THINKING ABOUT SYSTEMS

Three on how we got here, featuring Fred Turner and Adam Curtis. 👀

Silicon Valley Thinks Politics Doesn’t Exist

We think, “Sure, big systems may come along, but individual rebels always triumph.” That’s part of our deep cultural narrative. “And it’ll happen here, too.” It’s a way in which that same cultural narrative gets taken up by engineers – and you’ve just given me a fabulous example of that happening on stage – where these folks imagine themselves as the archetypal American frontierspeople. The nature of the frontier is to be conquered is irrelevant; it’s the conquering that matters. The actual westward push of Europeans stomped all over native peoples.
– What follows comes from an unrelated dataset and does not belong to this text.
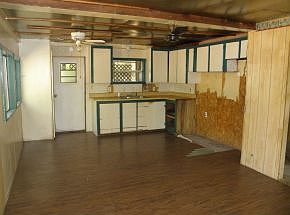 2nd image of 16441 NE 58th St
Now, you see people like the founder you just described, quite happily, marching across our brain space as though it was just the latest in open, organic American fields to be conquered. We’re the natives in this story and that’s terrifying.

The Antidote to Civilisational Collapse

“We live in a modern ghost story. We are haunted by our past behaviour played back to us through the machines in its comparison to millions of other people’s behaviour. We are guided and nudged and shaped by that. It’s benign in a way and it’s an alternative to the old kind of politics. But it locks us into a static world because it’s always looking to the past. It can never imagine something new. It can’t imagine a future that hasn’t already existed. And it’s led to a sense of atrophy and repetition. It’s “Groundhog Day”. And because it doesn’t allow mass politics to challenge power, it has allowed corruption to carry on without it really being challenged properly.”

Utopias, Frontiers, and Brogrammers

“Engineering culture is about making the product. If you make the product work, that’s all you’ve got to do to fulfill the ethical warrant of your profession. The ethics of engineering are an ethics of: Does it work? If you make something that works, you’ve done the ethical thing. It’s up to other people to figure out the social mission for your object. It’s like the famous line from the Tom Lehrer song: “‘Once the rockets are up, who cares where they come down? That’s not my department,’ says Wernher von Braun.” So I think that engineers, at Facebook and other firms, have been a bit baffled when they’ve been told that the systems they’ve built—systems that are clearly working very well and whose effectiveness is measured by the profits they generate, so everything looks ethical and “good” in the Google sense—are corrupting the public sphere.”